> _What is expected_
Which lines run from the one containing "Snapshot of Suku_love2" through the last line of the records? Copy them exactly, leaving pictures out.

> _Record extracts_
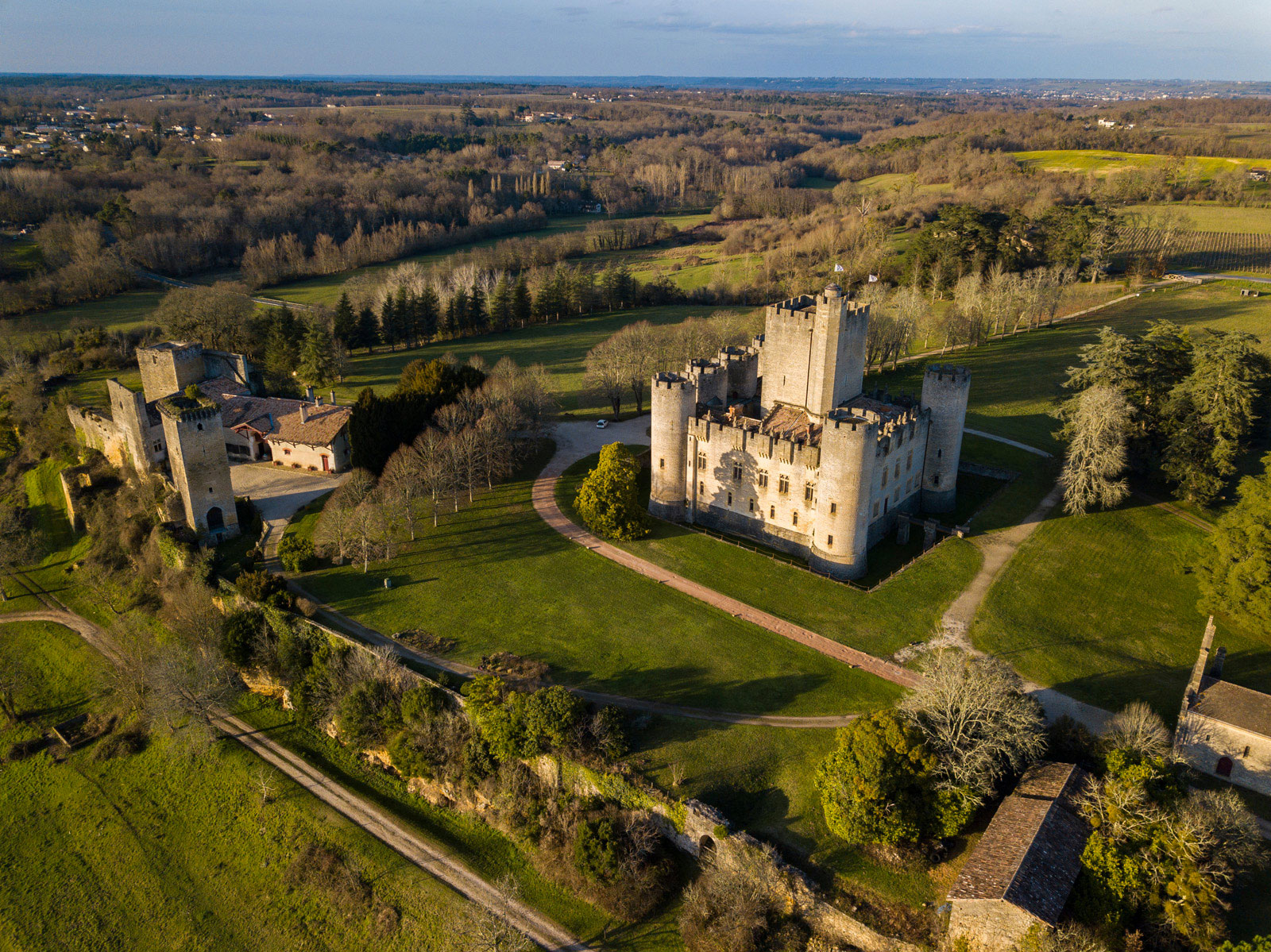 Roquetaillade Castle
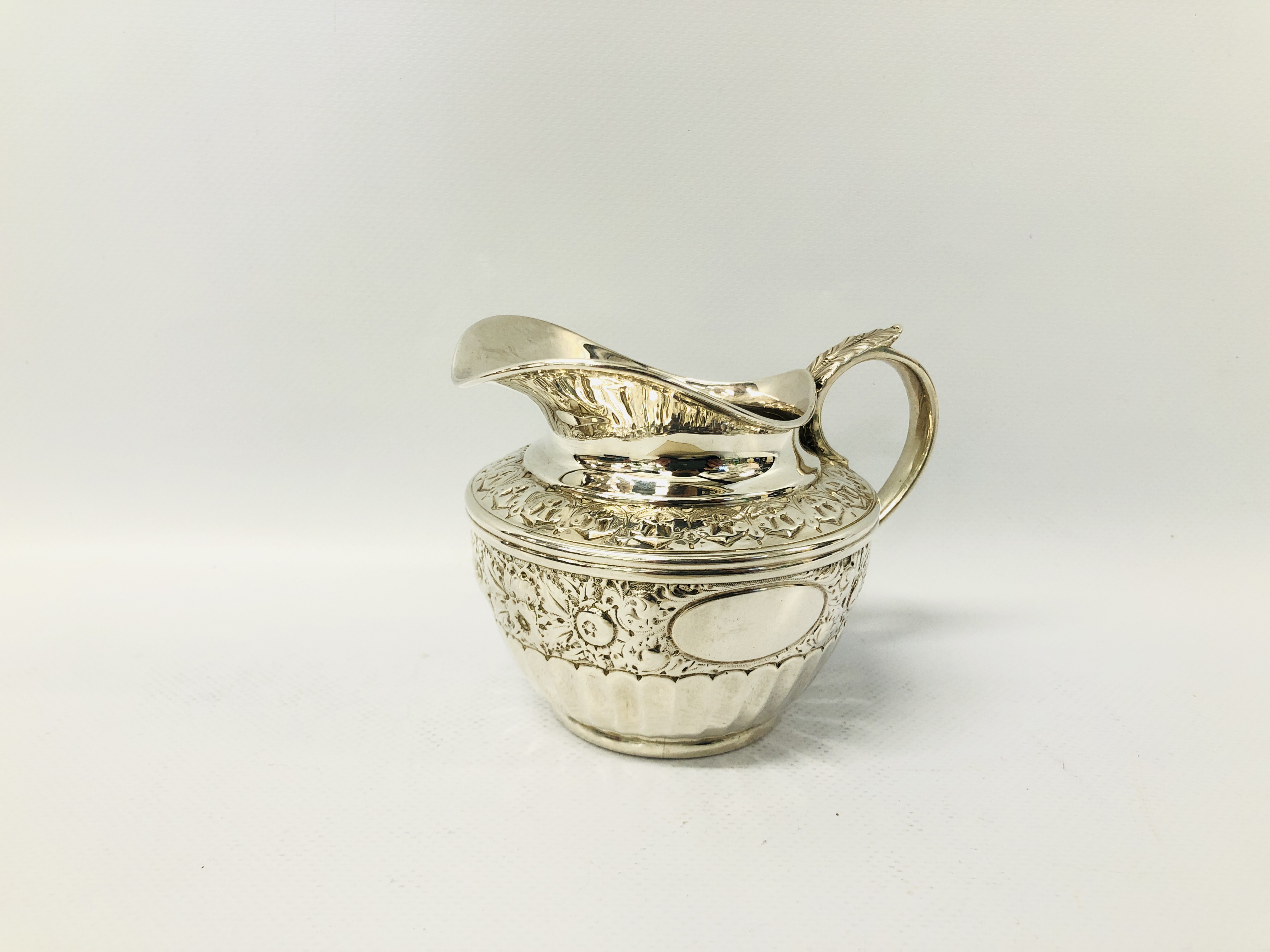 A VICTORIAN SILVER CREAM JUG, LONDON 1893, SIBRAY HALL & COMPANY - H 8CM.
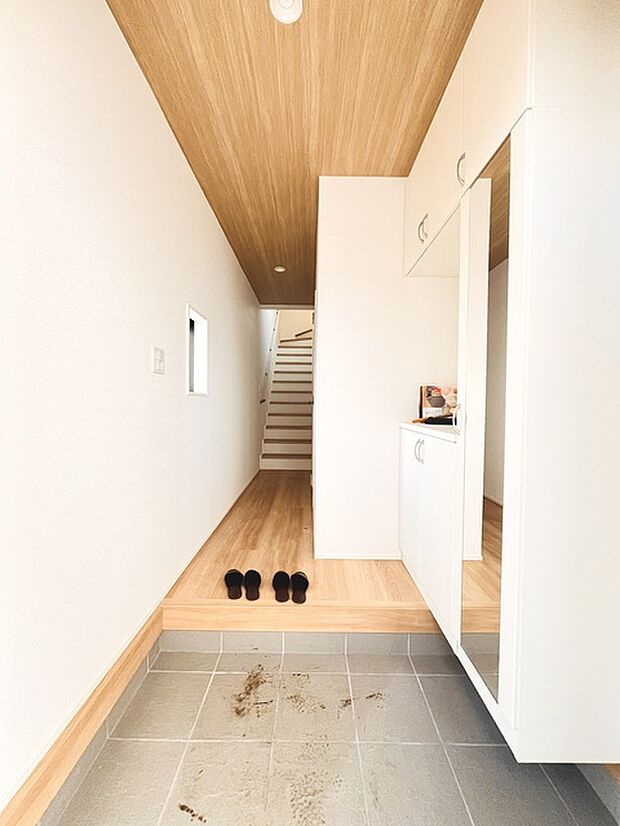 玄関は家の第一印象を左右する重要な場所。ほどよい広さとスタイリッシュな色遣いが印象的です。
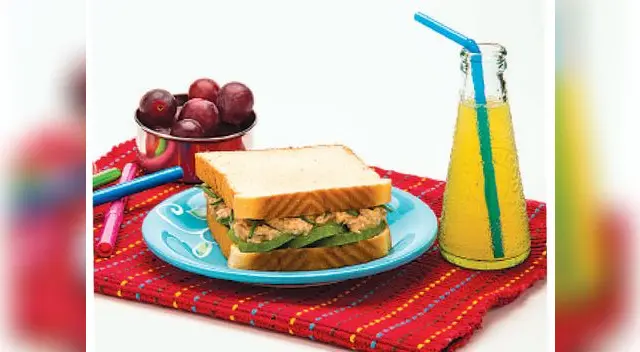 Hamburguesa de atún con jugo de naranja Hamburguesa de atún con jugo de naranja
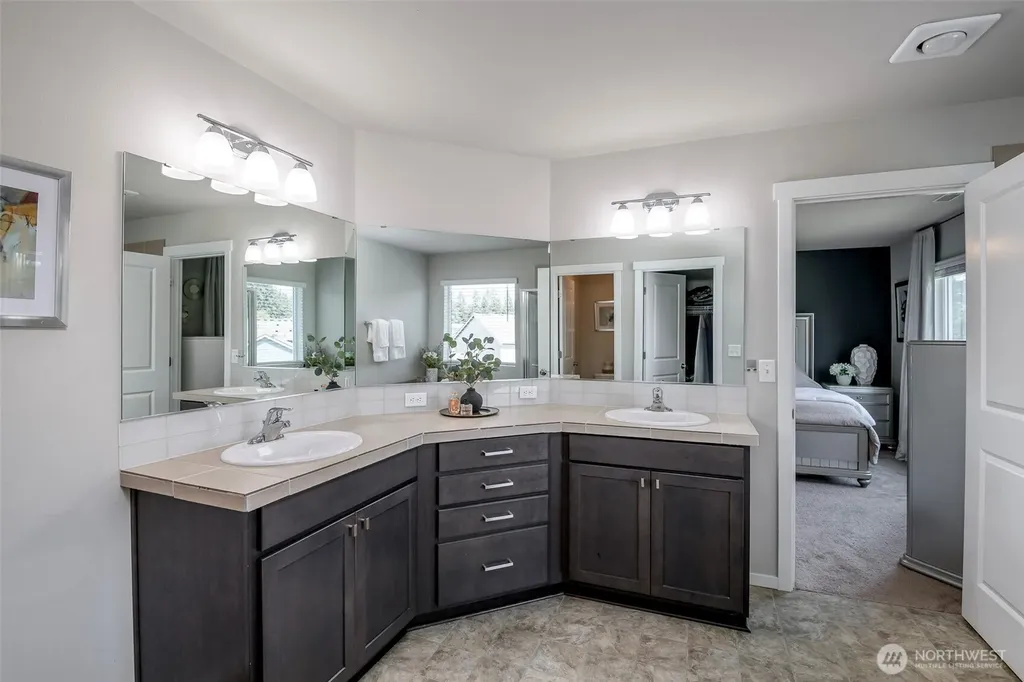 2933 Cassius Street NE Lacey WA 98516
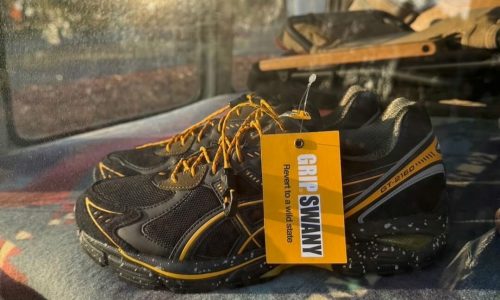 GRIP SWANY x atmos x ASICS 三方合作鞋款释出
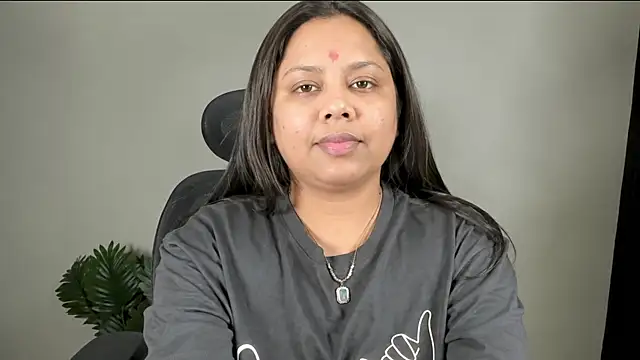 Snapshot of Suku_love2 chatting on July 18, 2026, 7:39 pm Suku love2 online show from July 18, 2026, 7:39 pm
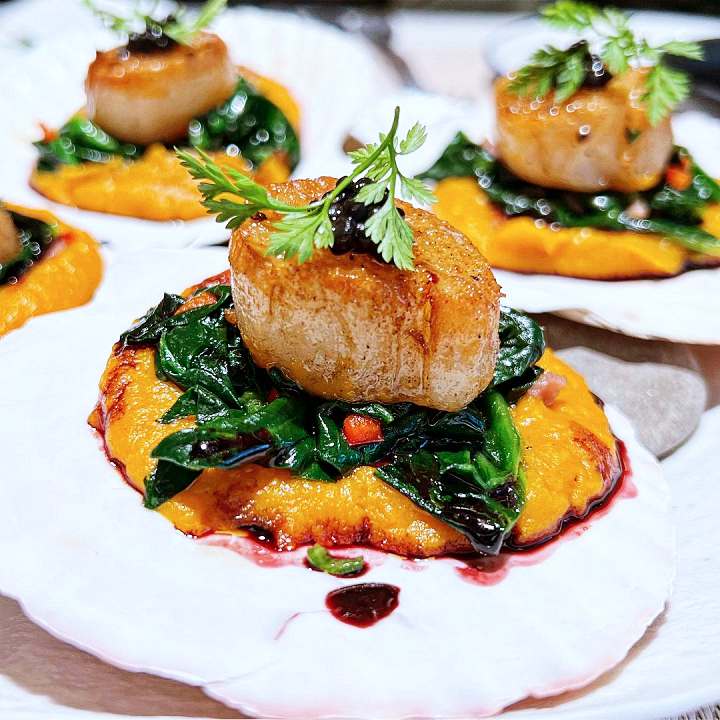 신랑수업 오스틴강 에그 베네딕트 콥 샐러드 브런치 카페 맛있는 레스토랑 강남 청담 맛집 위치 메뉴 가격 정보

> _Final answer_
 Snapshot of Suku_love2 chatting on July 18, 2026, 7:39 pm Suku love2 online show from July 18, 2026, 7:39 pm
 신랑수업 오스틴강 에그 베네딕트 콥 샐러드 브런치 카페 맛있는 레스토랑 강남 청담 맛집 위치 메뉴 가격 정보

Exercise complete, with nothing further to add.